The students had some fantastic accomplishments this weekend. One student and her sister just recently finished the prep work on the inside of her Wee Lassie canoe. Many people feel keeps going on and on and on and on.... This work starts with scraping out any residual glue and smoothing the inside of the canoe, which is made more difficult by the concave interior surfaces. Any checks or voids get filled with dookie shmutz and this gets sanded again. We generally apply a sealer coat of epoxy over the whole interior. We finish up by putting a layer of fiberglass and epoxy on the interior. We do this fairly carefully by saturating the cloth and then going back over it with a squeegee to remove excess epoxy and get a nice matte finish that leaves the texture of the cloth. We want the texture in the interior surface of the boat so that it isn't as slippery when it is being used. It is a real milestone in the building process because all that's left is trim work.
The couple who are building the Prospector Ranger fitted the two bottom panels on their canoe. We fit them as panels as opposed to fitting each bottom strip individually - it is quicker from a building standpoint and I find that it is easier for novice woodworkers to get good results. This is another milestone in that all of the hull woodwork is complete. For large boats, the last plank put on the hull is known as the "whiskey plank". It is cause for celebration - traditionally in the form of an alcoholic libation. The cut and fit are complete and next week we will glue the hull panels in place using inner-tubes to clamp them into position.
Another of my students has just completed his Wee Lassie II. This boat is known as the Double Espresso as this gentleman owns a business selling coffee and has been kind enough to bring in a coffee machine and supplies for the class's 10 O'clock "union break". The canoe has a Western Red Cedar hull with Poplar and Spanish Cedar for a feature strip. The thwart, seat gunnels and coamings are all Mahogany and the decks are Tiger Maple surrounding a Mahogany center stripe. The desk have both an elegant arc and taper to them. The boat still needs the seat to be caned and some varnish, but essentially it was ready to paddle.
After we got the boats put away, I went home for a quick lunch and then headed out to take the family to a circus which was in the area this weekend.
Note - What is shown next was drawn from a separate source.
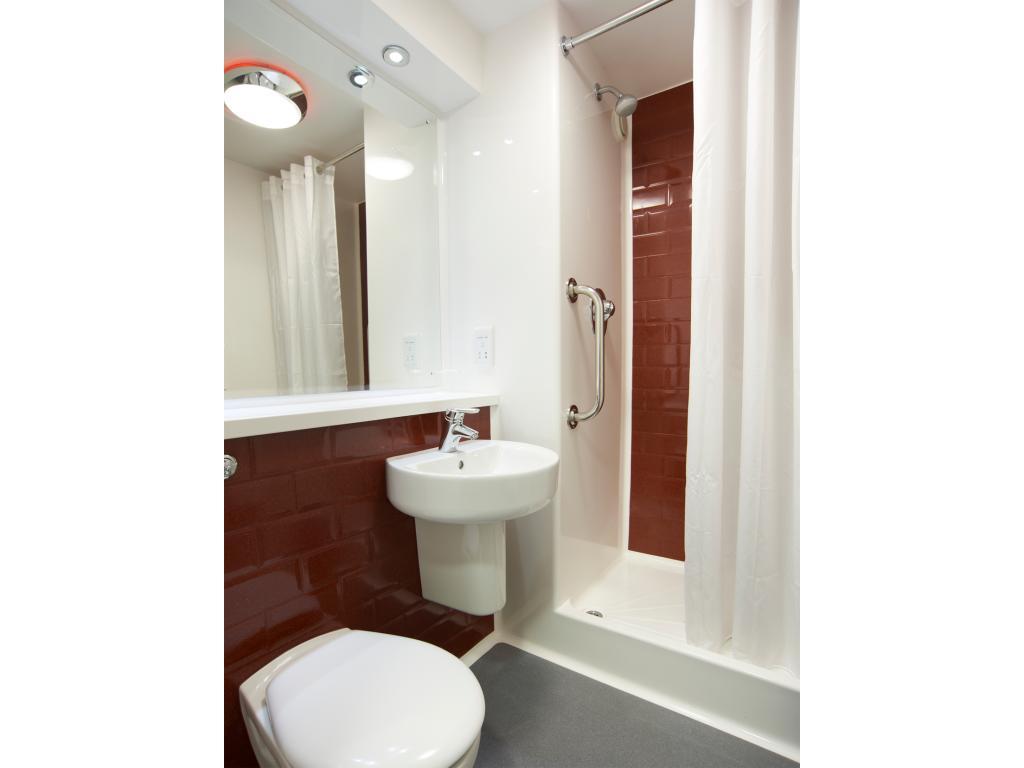 Travelodge London Wembley High Road Hotel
Lions, tigers and (no) bears - oh my... I think they had a good time although DS was disappointed not to come home with one of the lighted novelties that they had for sale at the circus. DD simply thought that all the animals were, "Sooo cute!"
We had a nice family dinner out afterward. Low key - which was nice.
Today, my fellow instructors and I had a mission at the school - clean. We arrived at the shop just before 9 AM and proceeded to take the place apart. As my DW pointed out to me this afternoon, nobody has done this level of cleaning in the shop in about 10 years or more - and the place needed it. We cleared out odds and ends of hardware, wood, cardboard, sawdust, chips, cobwebs and myriad other items that were, to be kind, "past use". We brushed down the walls, ceilings, floors and tools. We cleaned out all the dust collection equipment. We spent nearly 7 hours cleaning the shop - and it really shows. We still have more that we'd like to do to clean up and organize, but that will have to wait for another day.